Ward's consistent ability to raise his production in the playoffs is quite fascinating. If I remember correctly, somewhere on the internet recently there was a graphic showing Ward at the very top or near the top in points-per-game increase from the regular season to the postseason. In his career, Ward's PPG rate in the regular season is .44. In the playoffs that number jumps up nearly 50% to .64. Through 12 games in this postseason, Ward has seven points, for a .58 PPG. 

4. Pekka Rinne's Outbursts

Pekka Rinne has a reputation as being one of the nicer guys in the league. In this series though his on ice actions didn't match that view from those who cover the Predators on a regular basis. Particularly in Thursday's Game 7, there were three separate instances that were a tad excessive. 

The first of which came right before the first goal of the game when Rinne knocked Joe Pavelski down from behind. These two played together in Europe during the most recent lockout and had become friends. One has to wonder if that friendship has gone south the way Logan Couture and Drew Doughty's seems to have gone.

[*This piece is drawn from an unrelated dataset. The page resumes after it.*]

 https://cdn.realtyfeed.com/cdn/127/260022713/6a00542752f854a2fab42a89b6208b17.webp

On the very next goal, Rinne goes after Chris Tierney as Tierney was hugging Joel Ward in celebration. Tierney doesn't even touch Rinne on his way by skating to celebrate with Ward. Why Rinne was so vividly upset is beyond me. Sure, goal celebrations aren't usually done right in the crease like that but Rinne had come way out of the crease to try and make the save so getting upset about the goal hug seemed a bit petty.

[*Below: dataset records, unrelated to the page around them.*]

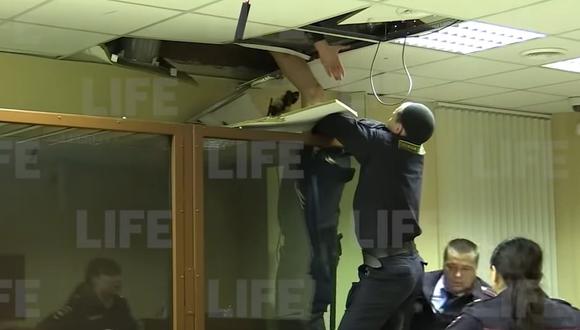 Un sospechoso de asesinato intentó fugar de un juzgado ruso a través del techo. No logró su cometido gracias a la rápida reacción de unos policías | Foto: Captura de YouTube / Life.ru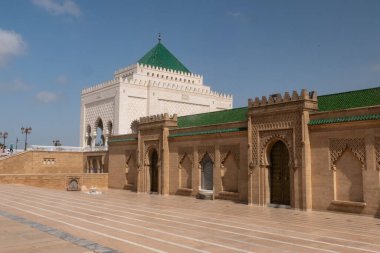 1961 'de ölen 5. Muhammed' in modern mozolesi. Muhammed V 'i onurlandırmak ve geleneksel zanaatkarlık yoluyla Fas kimliğini geliştirme çabalarını yansıtmak için tasarlandı..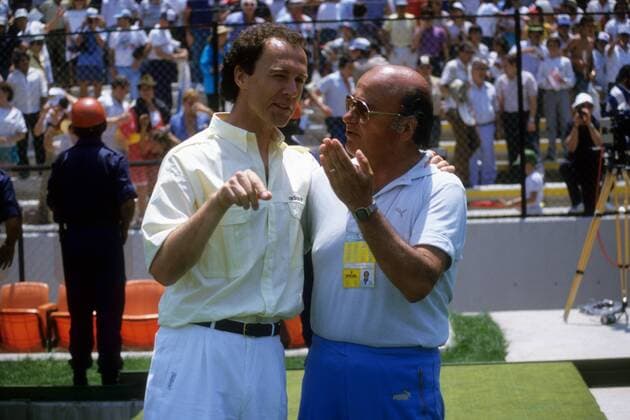Teamchef Franz Beckenbauer (BR Deutschland, li.) und Nationaltrainer Omar Borras (Uruguay) Fußball Länderspiel Herren WM 1986, Nationalteam, BRD, Uruguay - BR Deutschland 1:1 Gruppe Queretaro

And finally, everyone saw Rinne break his stick with multiple slashes to his own goal post after giving up the fifth goal of the night to Patrick Marleau. Slamming the stick once in frustration is one thing, but multiple swings at the post and then chucking it behind the net before skating off is the epitome of poor sportsmanship. 

5. Awful Officiating

There were far too many missed calls in this game. In actuality, it wasn't that they were missed, the bigger issue is that they were plain ignored. Nashville got away with some big time hits that were clearly interference minors as the Sharks players on the receiving end didn't and sometimes never even had the puck. 

Furthermore, on the Sharks end, Joe Pavelski blatantly punched Paul Gaustad right after a faceoff and the refs simply didn't call it. It certainly looked like Gaustad was also holding Pavelski's stick. If the referees are going to let these calls go, then the players are going to keep trying to push the boundaries of how much cheating they can get away with. 

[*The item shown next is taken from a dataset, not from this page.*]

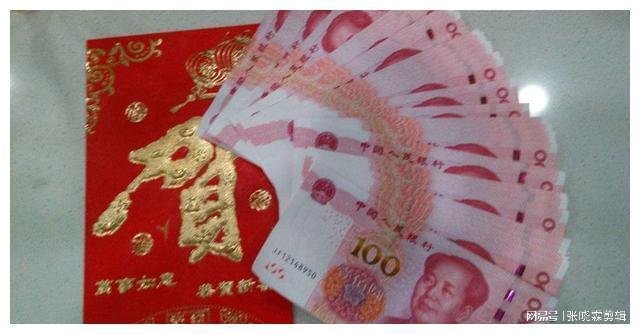 资助的学生断联8年后上门白吃白喝7天火狐电竞临走让我注意床头柜(图7)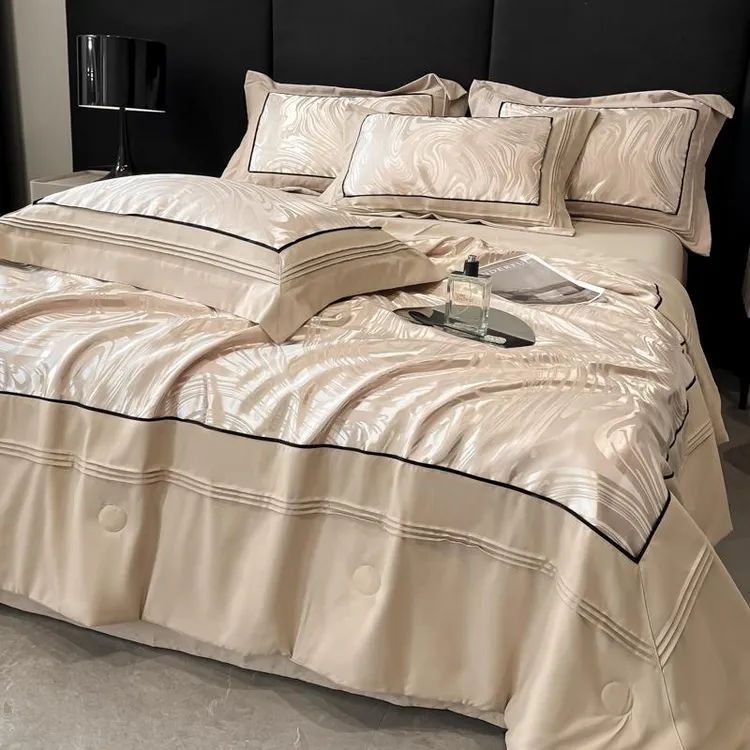 高级感夏季冰丝夏凉被凉感夏被四件套可机水洗空调被薄款被子被芯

6. Patrick Marleau Back in the Top Six

Marleau received a lot of flack this season for not scoring a whole lot at even strength. It was his second year in a row with a pretty putrid plus/minus rating. However, most of the season Marleau played on a third line with Ward and Matt Nieto. Neither Ward nor Nieto have the high-end play-making skills that Marleau's past linemates like Thornton and Logan Couture possess. Marleau certainly isn't playing at the level he once did as he ages, but he can still put the puck in the net when paired with high-end linemates.

For most of the series Marleau was centering the third line until head coach Peter DeBoer bumped him back up to the Couture line for Game 5. While Game 6 was a dud for Marleau on that second line, he was nothing short of phenomenal in Games 5 and 7. Marleau finished with two points in each of those games with both his goals coming at even strength. The Game 5 goal came via a brilliant dish from Jonas Donskoi and in Game 7 Couture set Marleau up nicely as the two forwards executed a pretty give and go. 

7. Thornton & Marleau Write New Narrative

Despite actually having solid postseason statistics, Thornton and Marleau have been the national media whipping boys for the Sharks past playoff failures. When those critics are shown that their playoff numbers aren't actually that bad, they respond with the fact that they do most of their scoring early in playoff series and not in big games like Game 7s. 

Well, at least for one Game 7, Thornton and Marleau can say that they delivered when it mattered most. Both players finished with a goal and an assist in the 5-0 win. Sure their goals were the fourth and fifth of the game in a 5-0 blowout, but they both assisted on Joe Pavelski's power-play goal that opened the scoring and held up as the game-winning goal.